Abstract

Coyle, A.J., Kelbe, B.E., Reed, D.W., Stewart, E.J. 1991. A temporal look at hydrological extremes. Proc. National Hydrol. Symp., Southampton, September 1991, 6.51–6.60.

Hydrology has long been a fertile area for the application and development of extreme value methods. The paper reports preliminary results from a study which, for once, is concerned less with estimating the magnitude or frequency of extremes than with indexing their temporal character. In particular, the project is examining the effect that data discretization has on the estimation of extremes.
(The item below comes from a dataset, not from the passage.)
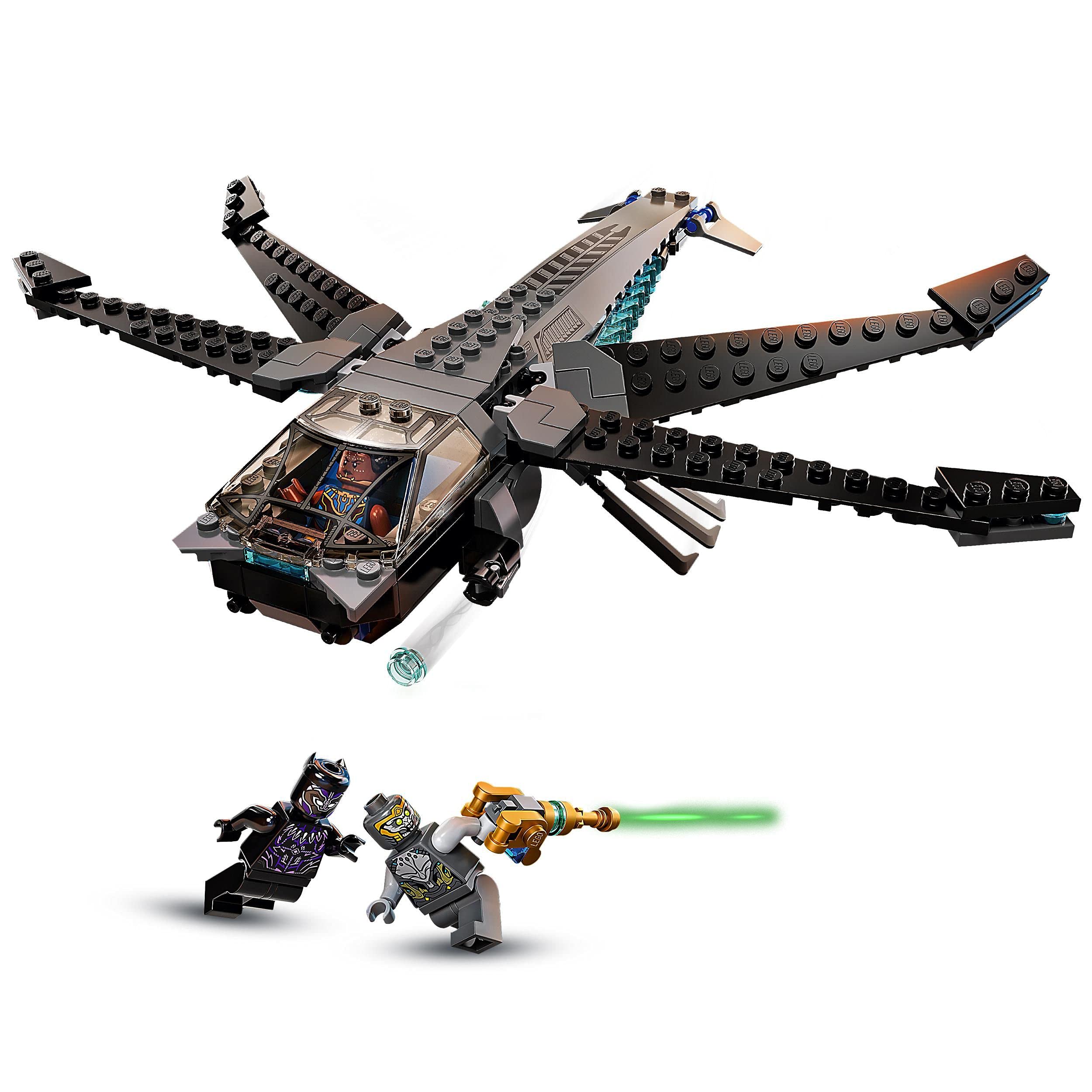 lego-marvel-76186-dragon-volant-black-panther-jeu-construction image 4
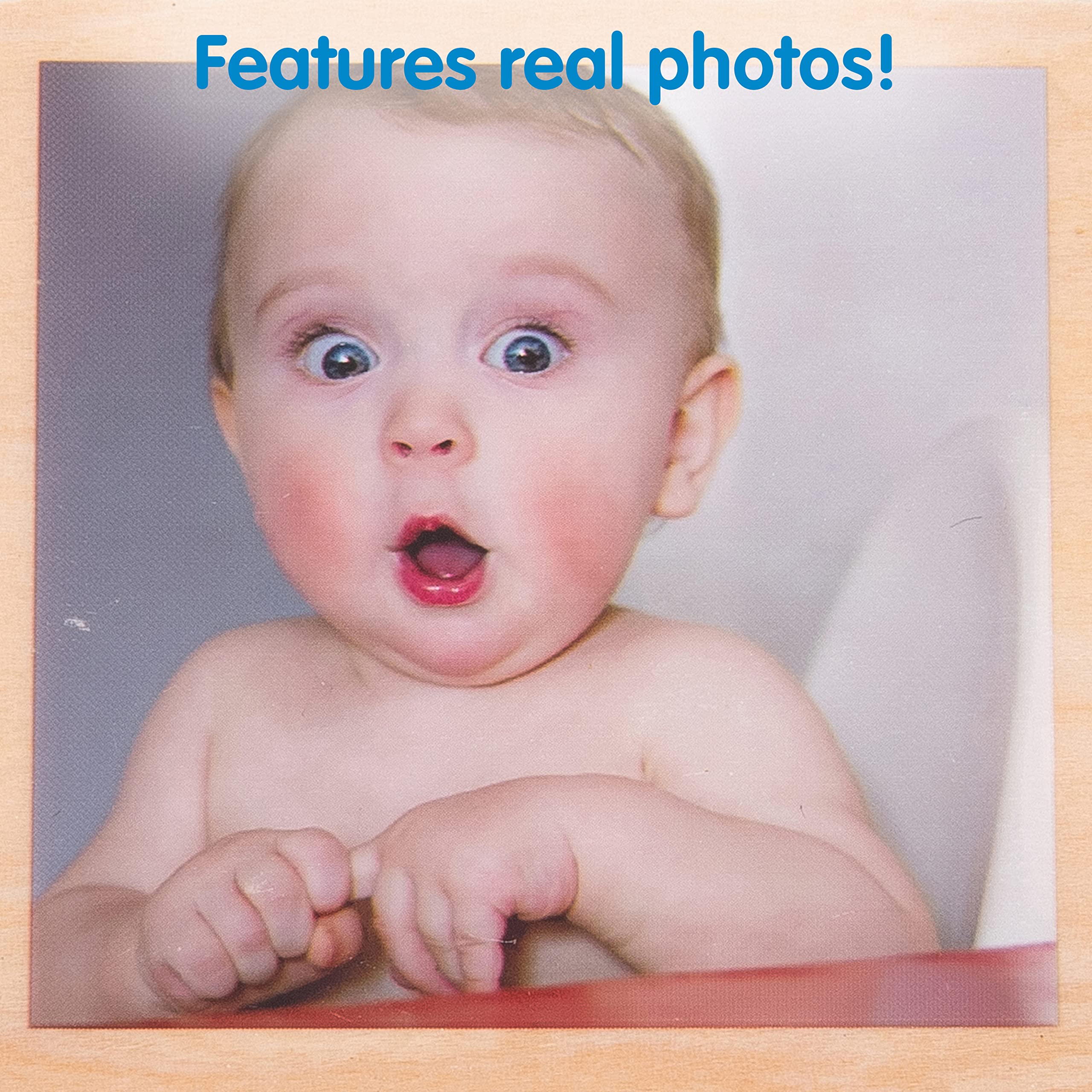 tickit My Emotions Wooden Tiles - 18 Photo Emotion Tiles for Language & Social Skills | Ages 0+ 5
It is rare for a hydrological analysis to use "continuous" data. Often it suffices to consider daily or monthly totals rather than attempt to treat data recorded with very great temporal detail. In many cases there is little choice; higher resolution values were either never available, have been lost, or would now be too costly to extract from the medium on which they are held. Whereas daily or monthly totals provide no obstacle to the estimation of long-term average values, it is known that the estimation of extremes is biased by discretization. For example, it is common to apply a multiplier of 1.11 or 1.14 to convert statistics of 1-day maximum rainfall to their 24-hour counterparts.

Improved logging and storage systems, and the passage of time, have led to a greater number of high resolution datasets becoming available and it is now possible to examine discretization effects more thoroughly. The paper presents analyses of a range of hydrological and meteorological variables. While one product of the research will be more comprehensive correction procedures, a greater outcome may be a better understanding of interrelationships between variables through appraisal of their temporal character. For once, statistics may complement rather than displace a more physical approach. Some preliminary results are presented.

The large data sets now available to hydrologists should be valuable in resolving a number of the scaling problems which face environmental research in the 1990s.